Extracted information:
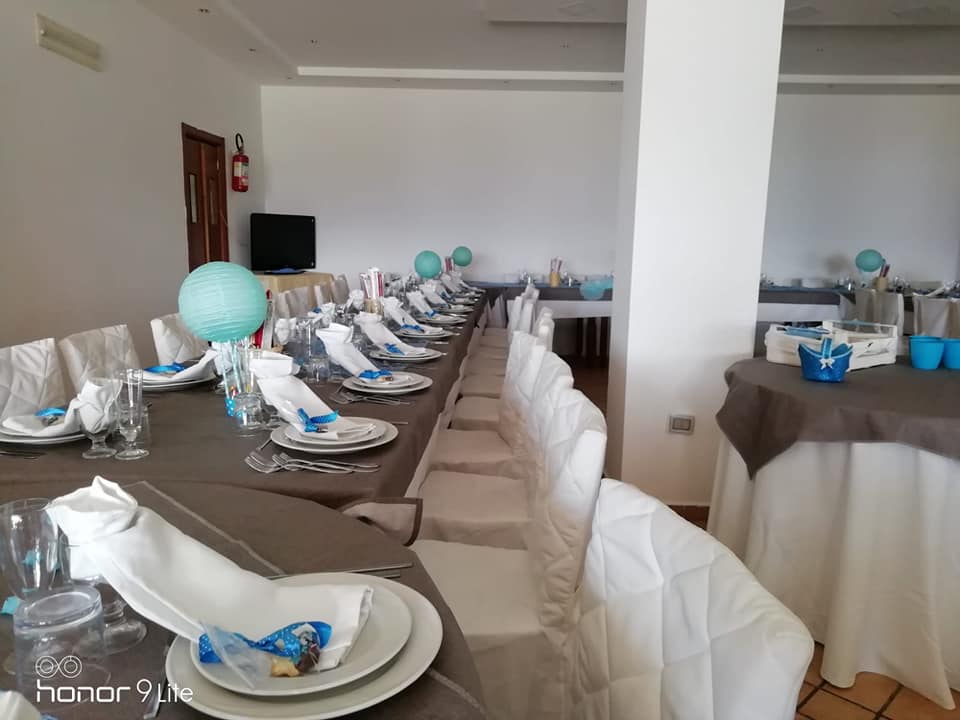 Salone di una pizzeria allestito a festa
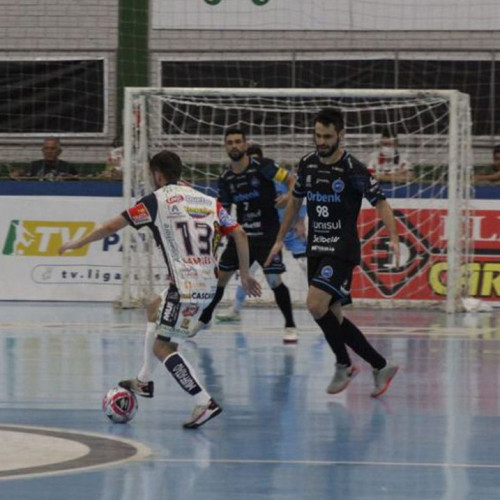 LNF: Cascavel goleia Tubarão e está nas quartas de final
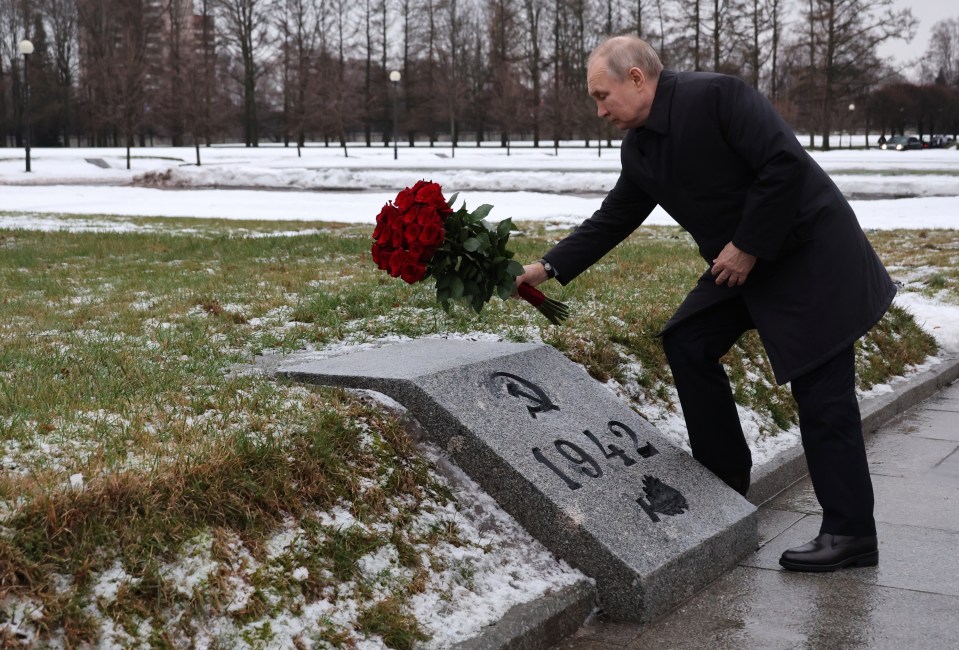 Putin lays flowers as he takes part on memorial ceremonies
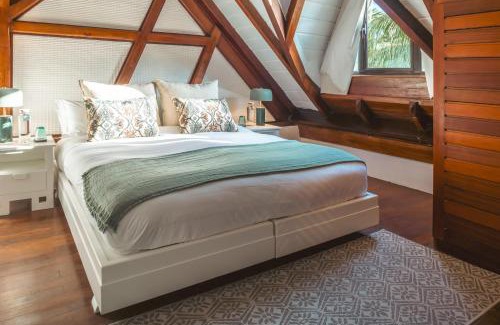 La Preneuse Villa | Villa Matahari by muse villas
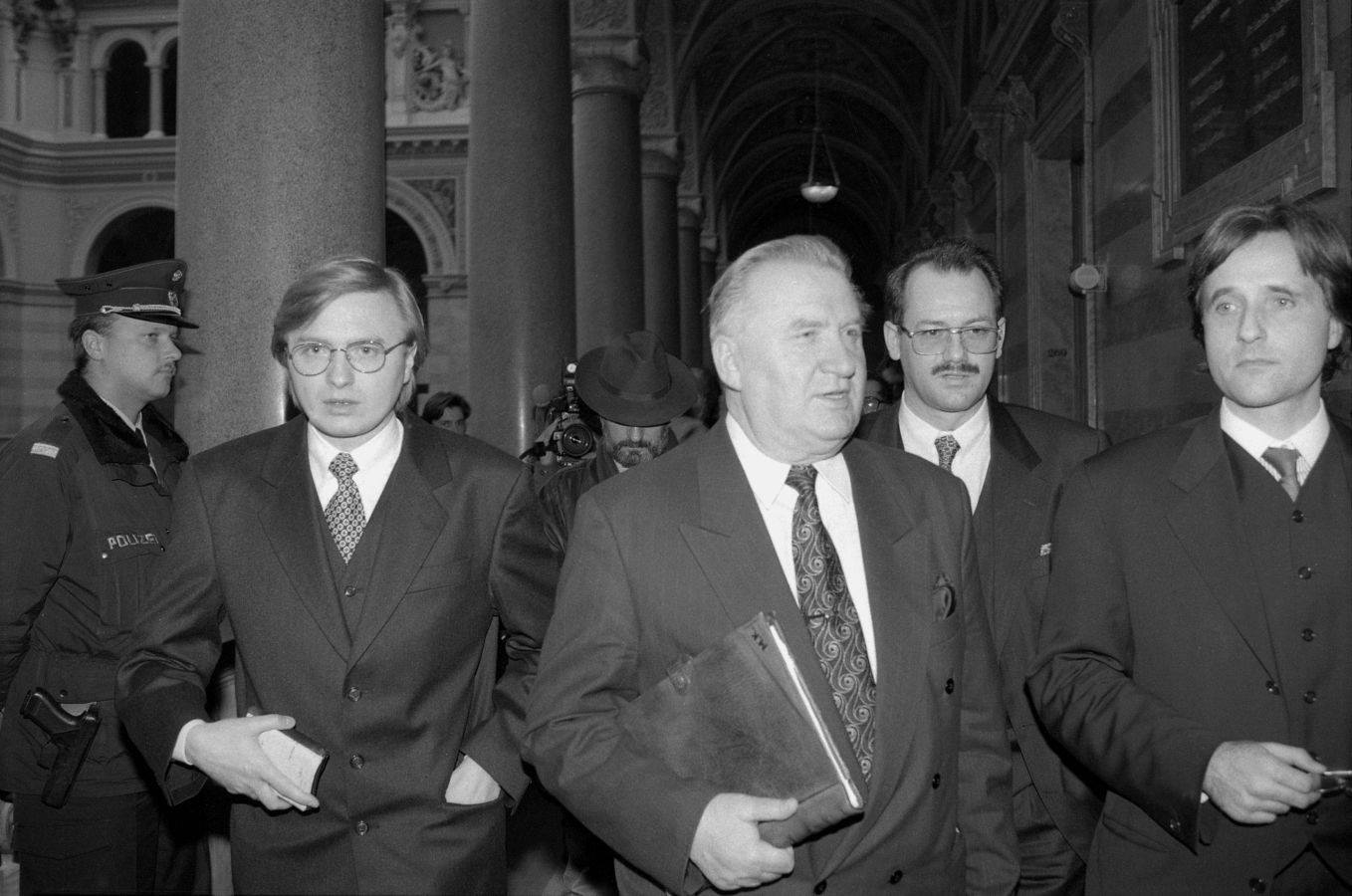 Exprezident Kováč so svojim amnestovaným synom. (Foto: archív)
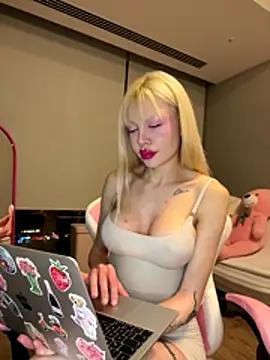 Snapshot of Sindyyy228 chatting on November 20, 2025, 10:42 pm Sindyyy228 online show from November 20, 2025, 10:42 pm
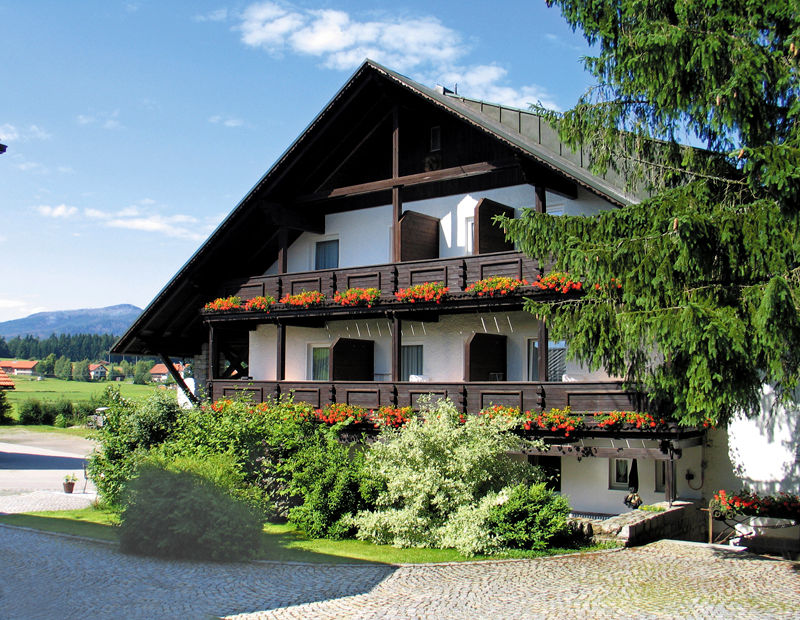 Blick auf das Hotel-Restaurant-Cafe Zum Friedl in Riedlhütte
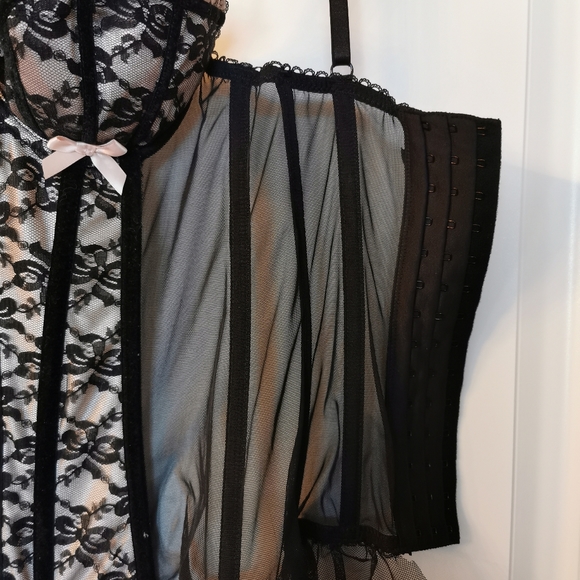 NWOT Ann Summers lace embellished corset - Picture 6 of 8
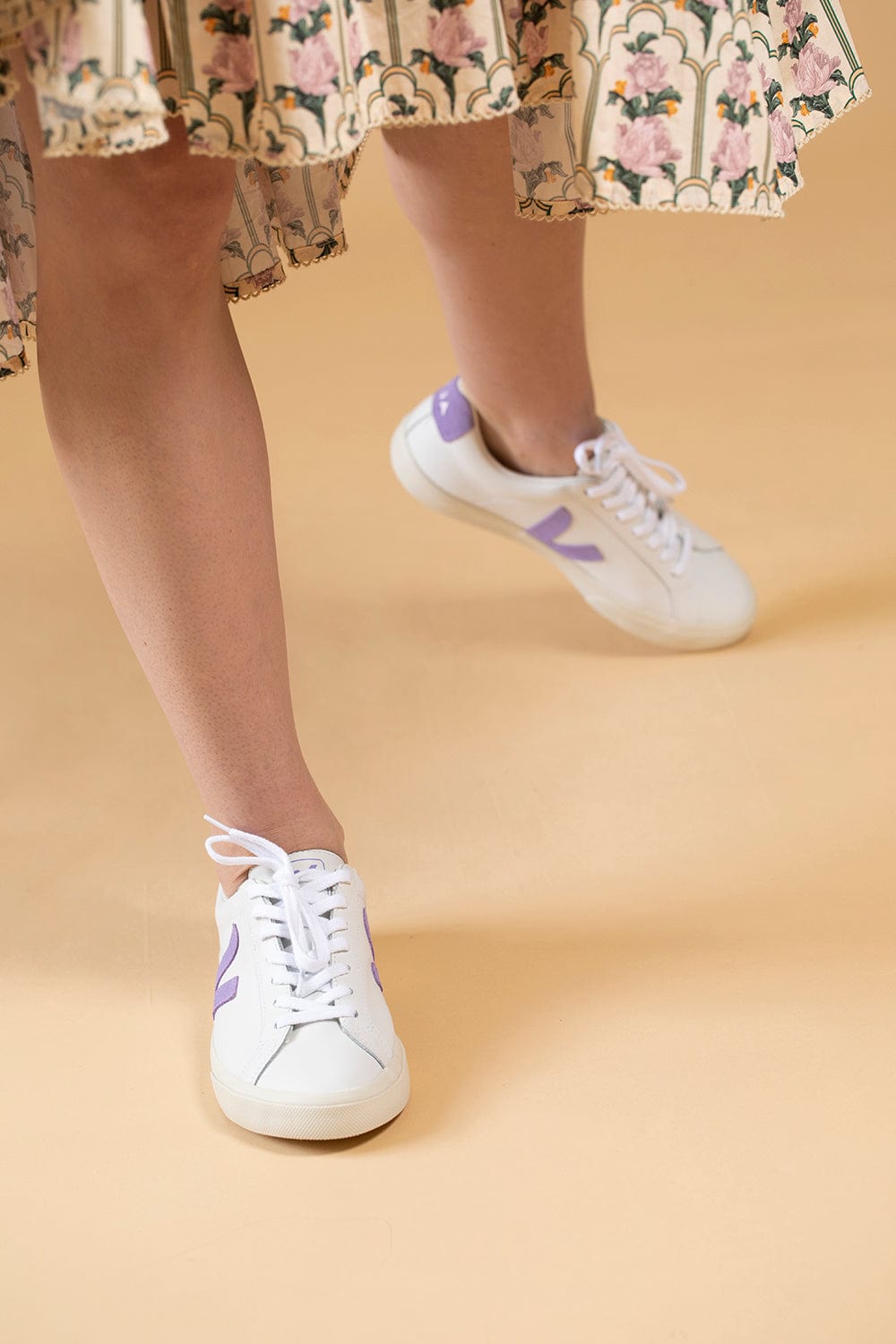 VEJA-Esplar Logo Sneaker - White Lavender-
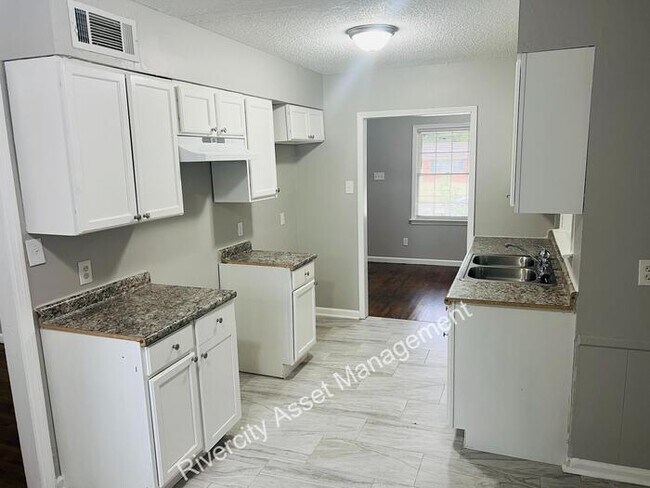 Building Photo - This is a MUST SEE in 38127!!!!! Section 8...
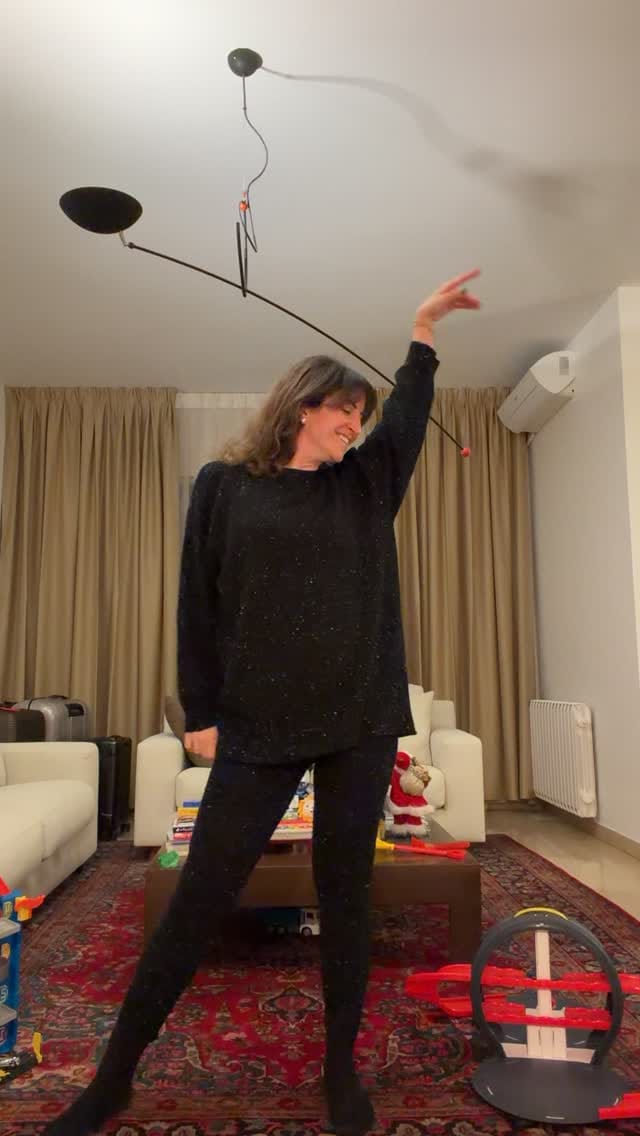 Post 2 by Youmna | Feel it Dance Cardio Workout on Instagram (video)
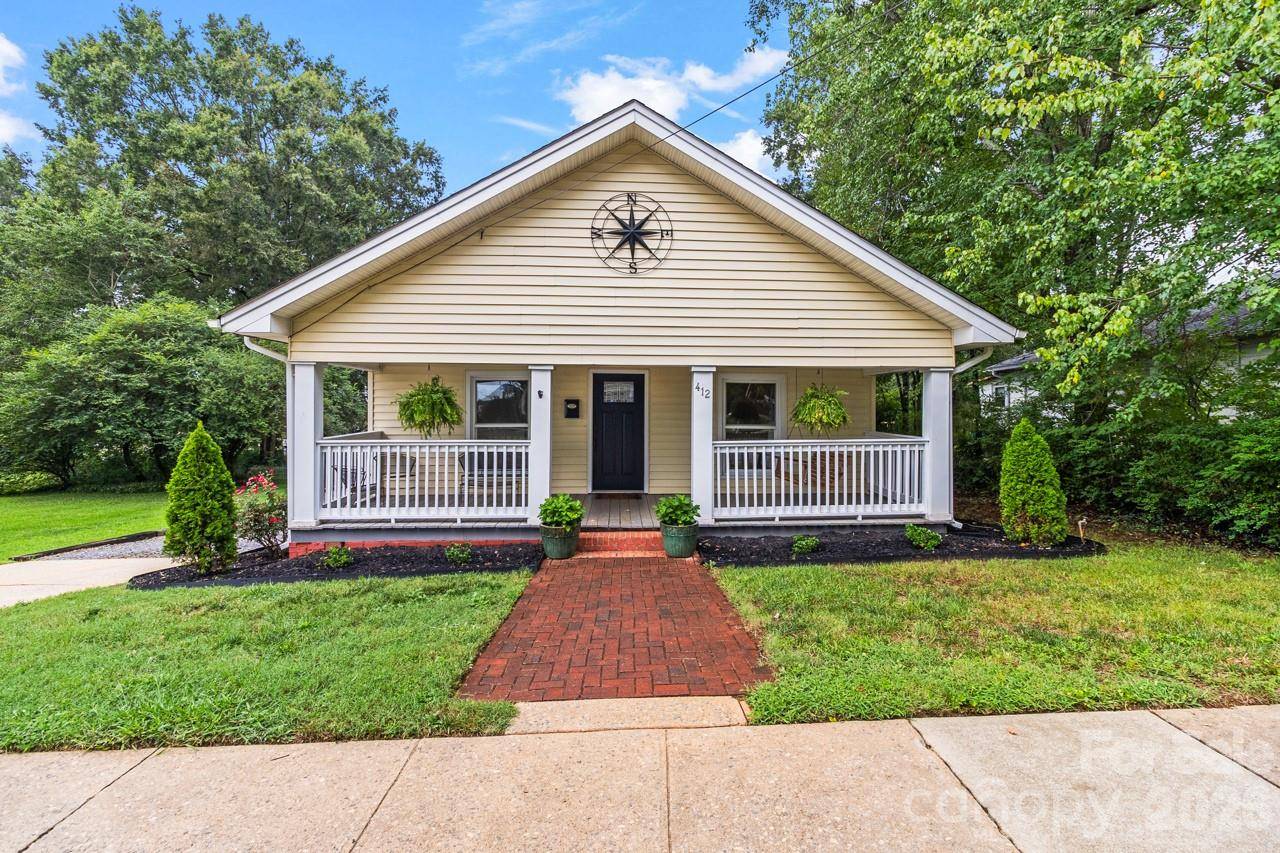 412 N 1st AVE, Maiden, NC 28650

Problem details: Starting at the line above that holds "La Preneuse Villa", repeat every line exactly down to and including the line that holds "Blick auf das", then stop. Do not carry over any pictures.

Response to this exercise:
 La Preneuse Villa | Villa Matahari by muse villas
 Exprezident Kováč so svojim amnestovaným synom. (Foto: archív)
 Snapshot of Sindyyy228 chatting on November 20, 2025, 10:42 pm Sindyyy228 online show from November 20, 2025, 10:42 pm
 Blick auf das Hotel-Restaurant-Cafe Zum Friedl in Riedlhütte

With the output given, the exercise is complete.